# Dakota/Myself



## RogueMare (Feb 17, 2010)

Ok, did this video for a internship position. And I got the job! I'm super excited, but I figured I'd let you guys have a stab at critiquing me.  


*Disclaimer*: I've only ridden in an English saddle... maybe half a dozen times. I've always been a speed events girl so this is something almost entirely new to me.  







Thanks in advance!


----------



## britneypadilla (Nov 5, 2009)

Aww! Your horse is very cute. Listens very well to you as well! She has a beautiful transitioning from trot to canter! Although she does seem a little uncomfortable in parts of the video. Her canter looks very smooth, and she looks like a fun ride! You look great in the saddle, and very good posture.. If you were going into english equitation classes, they would say somethings along the lines of put your legs back a little more to even your legs with your shoulders, and point your toes more inward toward the horse when you ride. Your hands bounce around a little bit and you shouldn't be able to see them move at all when you ride. Other than that you two look like a perfect pair together!


----------



## corinowalk (Apr 26, 2010)

YAY! You found a horse! I'm not sure my Nico would have done as well! Glad to hear that you got the job! 

For a girl who only did gaming, you do look pretty 'at home' in an english saddle. You have good posture and once you correct your leg just a smooch, you will be in super shape! As a primarily western rider, I know that your leg just always wants to go forward! The good thing is, you didn't get what we call the 'barrel racing HUMP' from leaning over a western saddle all the time. Your back is razor straight and thats a good thing! You look great girl! Good luck with everything!


----------



## Deerly (Apr 18, 2010)

That's a really pretty horse! Was she having a hard time holding the canter? It looks like she wasn't able to keep it up and got sort of uncomfortable and fell back down into a trot. 

She's really cute though!

Edit: I could totally be wrong, you could just be asking for all those transitions so sorry if I am  Its hard for me to see!


----------



## RogueMare (Feb 17, 2010)

She was actually a "Rental" Horse. And thank-you guys.  On her left lead she had a really hard time keeping it. She seems VERY uncomfortable in it. Her owner assured me she was ok, and she didn't seem ouchy or anything along those lines. 

I felt like my hands were EVERYWHERE! Lol, but thats the reason for the black gloves.  I felt way more comfortable in that saddle than I normally did in a western saddle. Which is odd, since I LOVED running barrels.  

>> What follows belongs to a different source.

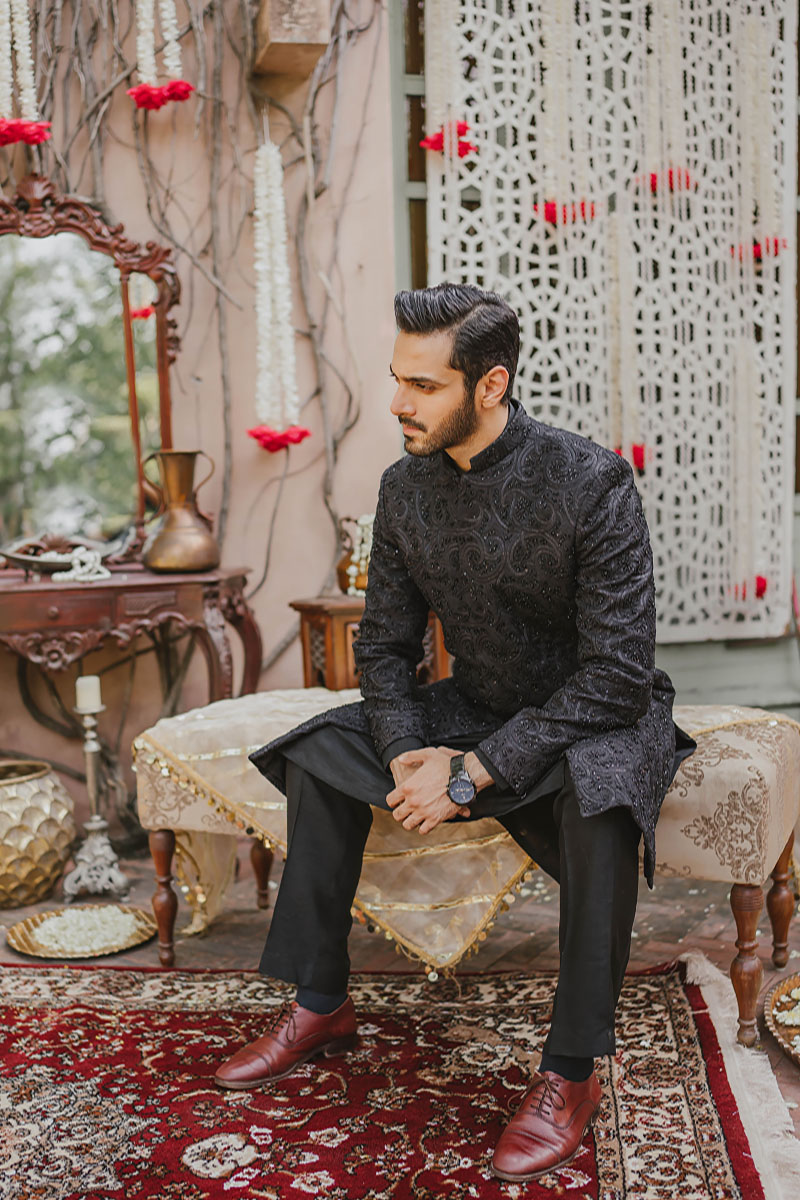Black Embroidered Raw Silk Sherwani (3-Piece) - Image 1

I'm going to start a thread soon detailing my trip down there, and my time being there. I'll let you guys know EVERYTHING that happens.


----------



## A knack for horses (Jun 17, 2010)

Wow, you can do all that in only 6 rides? (in an english saddle)
I'm jealous. I've only ridden english a few times, but I'm not brave enough to go faster than very slow walk.
Congrats on the internship!


----------



## RogueMare (Feb 17, 2010)

Around 6 rides. Lol. I'm not honestly counting. But I know its less than the number of fingers I have.


----------



## RogueMare (Feb 17, 2010)

bumpity. Anyone else?


----------



## bigzee (Jul 4, 2010)

I think you look good for someone who hasn't ridden english much. Like everyone said, your leg needs to come back. Also, I think the stirrup iron is too far back on your foot. You want the balls of your feet resting in the iron, it makes it easier to keep your heels down and leg secure. If you look when you canter, your leg isn't completely secure. Keep at it, you are on the right track.


----------



## RogueMare (Feb 17, 2010)

Yeah, I had a problem with the stirrup sliding back all the time while I was riding. The bottom of my boots are way smooth, considering they're western that might be part of the problem. Lol, but it was driving me nuts.


----------



## bigzee (Jul 4, 2010)

Are you sure your stirrups are the right length? A lot of western riders have a tendency to keep their english leathers too long when they first make the switch. Try a hole up from where it "feels" right, maybe? In the video, it looks like that might be part of your problem. Overall, you are doing a lot better than I did after my 6th lesson.


----------



## RogueMare (Feb 17, 2010)

I will do that next time.  Thank-you. Lol.


----------



## Cobalt (Jun 6, 2010)

I thought you looked great! Especially for being so new to english tack! Very natural! Noticed the position of your foot in the stirrup, which is tricky to get used to when you go from western to english. Play with your stirrup length a little, depending on what you want to do. Dressage riders keep a little longer length than hunter/jumpers. You might want to do a couple of strides of sitting trot before cueing for the canter...seems to prepare the horse and helps the transition be a little more smooth. Remind yourself to square your shoulders a bit more. I'm very impressed! You were born to ride English. Since you love speed you should get into jumping!


----------



## BurninturnBugs (Aug 4, 2010)

You look great. I just recently started lessons in the English world, lol. So my trainer's voice is constantly in my head... When posting, rise and fall with the leg on the wall... darn jingle stays in my head. Shorten your stirrups (as mentioned) bring your leg back, and I can't tell if your stirrups have rubber grip thingys, but get some.lol. coolest thing since sliced bread. The shifting stirrup could be from a few things.. losing contact with your calf and holding with your buttocks and thighs (my issue), not keeping your heel down, and losing your forward seat, which evidently causes your weight distribution to go awry. When posting your supposed to sink any weight into your heels with minimal weight onto your stirrups. It also acts as a shock absorber, although your posting looks totally smooth. If your shorten your stirrups, you may run into posting too high and that's when the weight into your heels will come into play. Your looking great! Very comfy in the saddle, and your posture is MUCH straighter than mine, lol. Good luck in your internship!! Sounds sooo fun!


----------



## RogueMare (Feb 17, 2010)

Thank-you! No there weren't any rubbers on the stirrups. She was a loan from a friend whose saddle I was also using. lol

12 more days, before I leave for Florida. I can't wait!!


----------